Internally, features are encoded by independent :class:`GapEncoder` models,
and are then concatenated into a single matrix.
:pr:`185` by :user:`Lilian Boulard ` and :user:`Alexis Cvetkov `.
Bug-fixes
---------
* Fix `get_feature_names` for scikit-learn > 0.21. :pr:`216` by :user:`Alexis Cvetkov `
Dirty-cat Release 0.1.1
========================
Major changes
-------------
Bug-fixes
---------
* RuntimeWarnings due to overflow in :class:`GapEncoder`. :pr:`161` by :user:`Alexis Cvetkov `
Dirty-cat Release 0.1.0
=========================
Major changes
-------------
* :class:`GapEncoder`: Added online Gamma-Poisson factorization through the
:class:`GapEncoder` class. This method discovers latent categories formed
via combinations of substrings, and encodes string data as combinations of
these categories. To be used if interpretability is important. :pr:`153` by :user:`Alexis Cvetkov `
Bug-fixes
---------
* Multiprocessing exception in notebook. :pr:`154` by :user:`Lilian Boulard `
Dirty-cat Release 0.0.7
========================
* **MinHashEncoder**: Added ``minhash_encoder.py`` and ``fast_hast.py`` files
that implement minhash encoding through the :class:`MinHashEncoder` class.
This method allows for fast and scalable encoding of string categorical
variables.
* **datasets.fetch_employee_salaries**: change the origin of download for employee_salaries.
- The function now return a bunch with a dataframe under the field "data",
and not the path to the csv file.
- The field "description" has been renamed to "DESCR".
* **SimilarityEncoder**: Fixed a bug when using the Jaro-Winkler distance as a
similarity metric. Our implementation now accurately reproduces the behaviour
of the ``python-Levenshtein`` implementation.

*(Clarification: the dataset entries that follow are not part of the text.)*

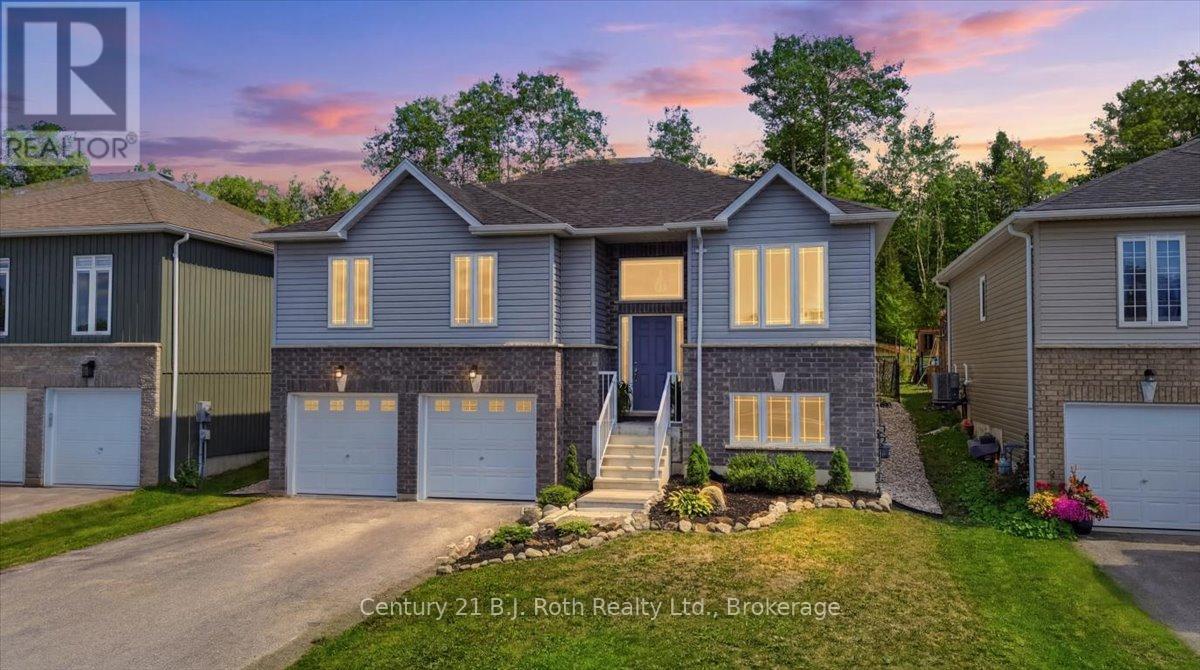 27 RALPH DALTON BOULEVARD, Tay (Victoria Harbour)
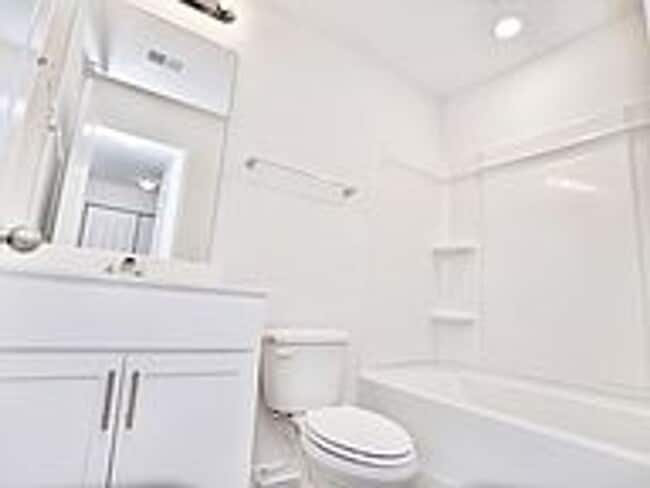 Building Photo - Cozy 3 Bed, 2 Bath Townhome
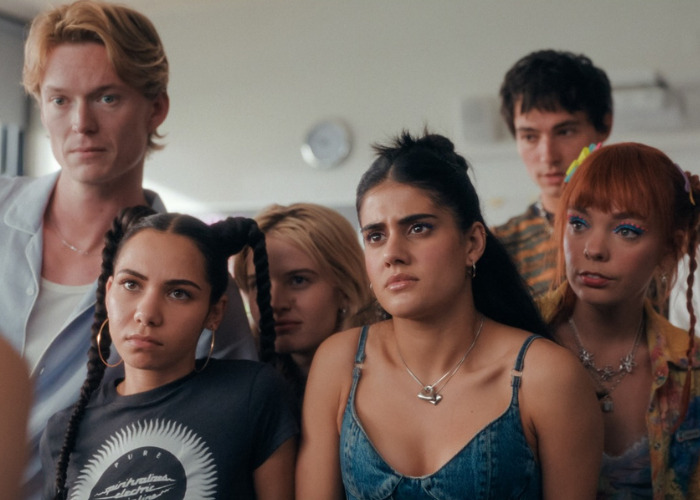 “Stuffed As A Society”: People Fear For The Future After Learning Intimate Act That Gen Z Is Rejecting “Stuffed As A Society”: People Fear For The Future After Learning Intimate Act That Gen Z Is Rejecting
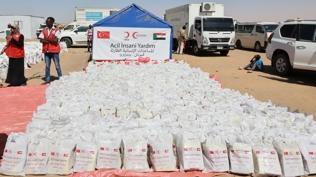 Türk Kızılaydan Sudan'da yerinden edilenlere gıda desteği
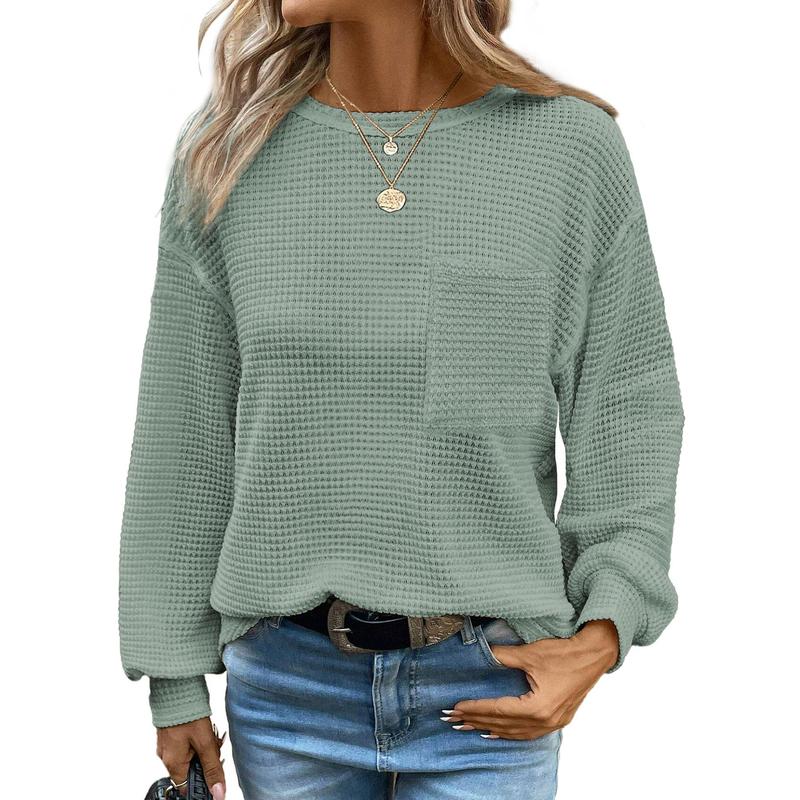 Green oversized long-sleeve crewneck blouse with waffle knit texture and chest pocket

* **SimilarityEncoder**: Added a `handle_missing` attribute to allow encoding
with missing values.
* **TargetEncoder**: Added a `handle_missing` attribute to allow encoding
with missing values.
* **MinHashEncoder**: Added a `handle_missing` attribute to allow encoding
with missing values.
Dirty-cat Release 0.0.6
=========================
* **SimilarityEncoder**: Accelerate ``SimilarityEncoder.transform``, by:
- computing the vocabulary count vectors in ``fit`` instead of ``transform``
- computing the similarities in parallel using ``joblib``. This option can be
turned on/off via the ``n_jobs`` attribute of the :class:`SimilarityEncoder`.
* **SimilarityEncoder**: Fix a bug that was preventing a :class:`SimilarityEncoder`
to be created when ``categories`` was a list.

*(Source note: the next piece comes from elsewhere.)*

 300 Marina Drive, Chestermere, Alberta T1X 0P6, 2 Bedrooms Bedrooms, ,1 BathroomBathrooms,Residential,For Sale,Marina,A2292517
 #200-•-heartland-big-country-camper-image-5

* **SimilarityEncoder**: Set the dtype passed to the ngram similarity
to float32, which reduces memory consumption during encoding.
Dirty-cat Release 0.0.5
========================
* **SimilarityEncoder**: Change the default ngram range to (2, 4) which
performs better empirically.
* **SimilarityEncoder**: Added a `most_frequent` strategy to define
prototype categories for large-scale learning.
* **SimilarityEncoder**: Added a `k-means` strategy to define prototype
categories for large-scale learning.
* **SimilarityEncoder**: Added the possibility to use hashing ngrams for
stateless fitting with the ngram similarity.
* **SimilarityEncoder**: Performance improvements in the ngram similarity.
* **SimilarityEncoder**: Expose a `get_feature_names` method.